_What is required:_ Find the line with "Stock Photography Boy" in the records below. Copy it and every line after it, up to and including the line with "Custom Braxton L".

_Study material:_
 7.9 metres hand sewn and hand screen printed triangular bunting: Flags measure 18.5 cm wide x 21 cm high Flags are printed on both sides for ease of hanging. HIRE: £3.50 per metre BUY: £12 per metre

---

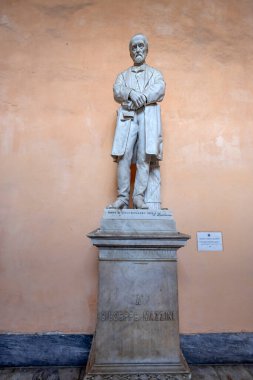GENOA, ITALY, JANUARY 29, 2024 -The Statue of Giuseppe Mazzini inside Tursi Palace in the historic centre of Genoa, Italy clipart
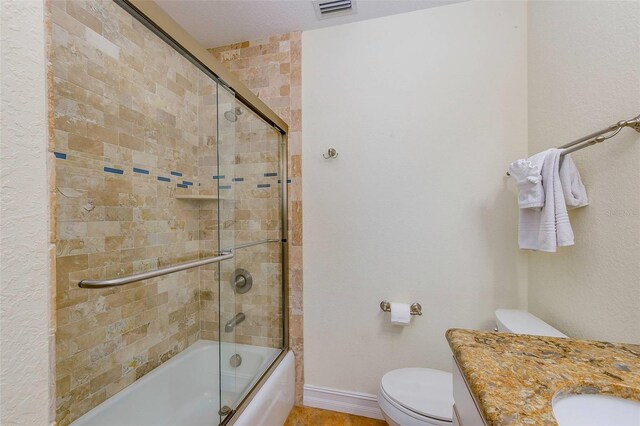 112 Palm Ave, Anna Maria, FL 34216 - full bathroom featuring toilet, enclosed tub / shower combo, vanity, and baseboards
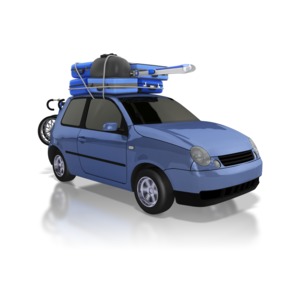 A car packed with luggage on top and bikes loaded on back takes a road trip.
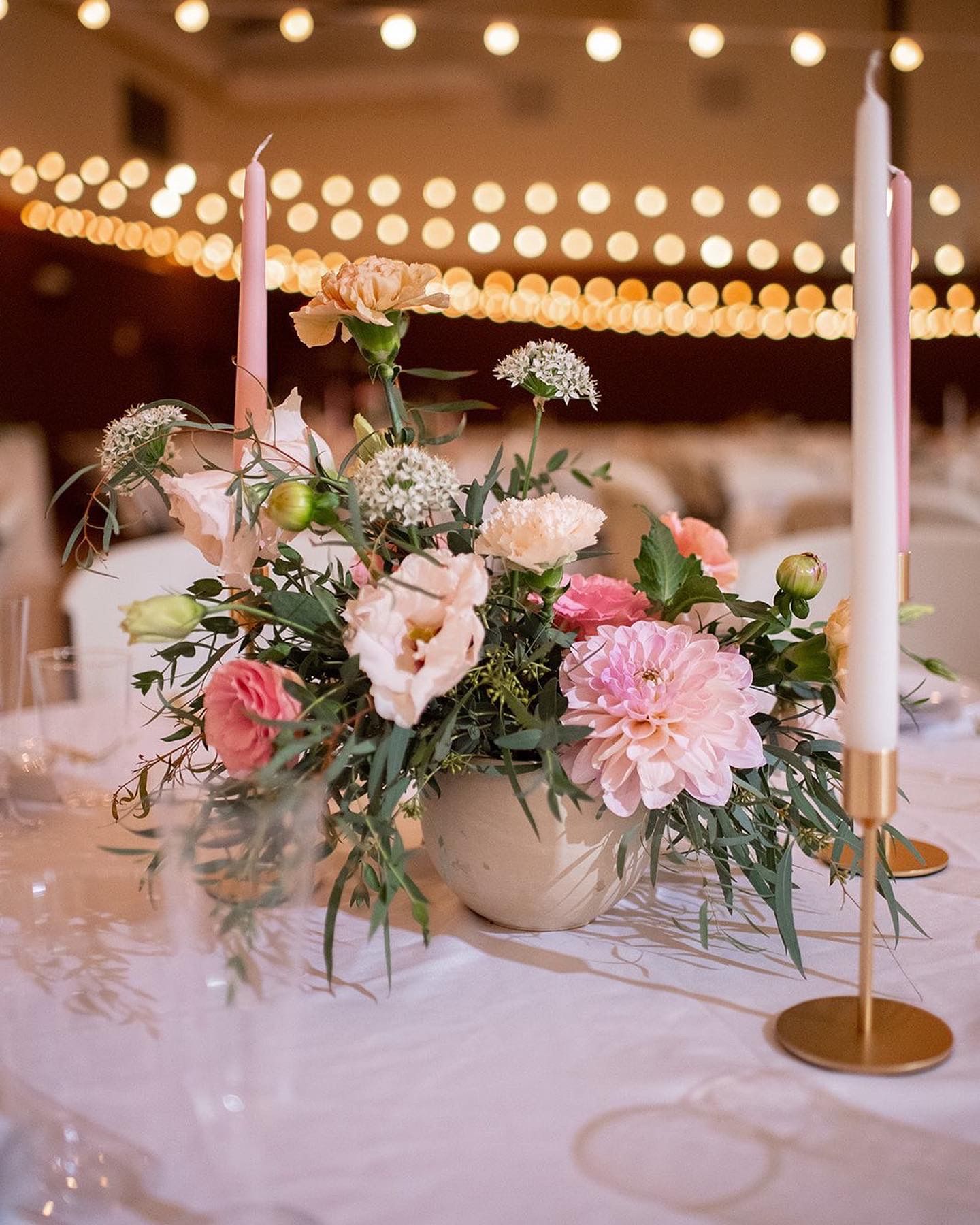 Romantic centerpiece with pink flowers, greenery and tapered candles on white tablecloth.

---

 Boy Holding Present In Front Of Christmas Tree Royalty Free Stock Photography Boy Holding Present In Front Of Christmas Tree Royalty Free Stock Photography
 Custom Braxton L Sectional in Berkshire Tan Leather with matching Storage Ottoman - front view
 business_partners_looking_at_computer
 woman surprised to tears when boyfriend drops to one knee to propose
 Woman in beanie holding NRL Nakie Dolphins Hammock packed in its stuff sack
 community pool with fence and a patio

_Solved problem:_
 Boy Holding Present In Front Of Christmas Tree Royalty Free Stock Photography Boy Holding Present In Front Of Christmas Tree Royalty Free Stock Photography
 Custom Braxton L Sectional in Berkshire Tan Leather with matching Storage Ottoman - front view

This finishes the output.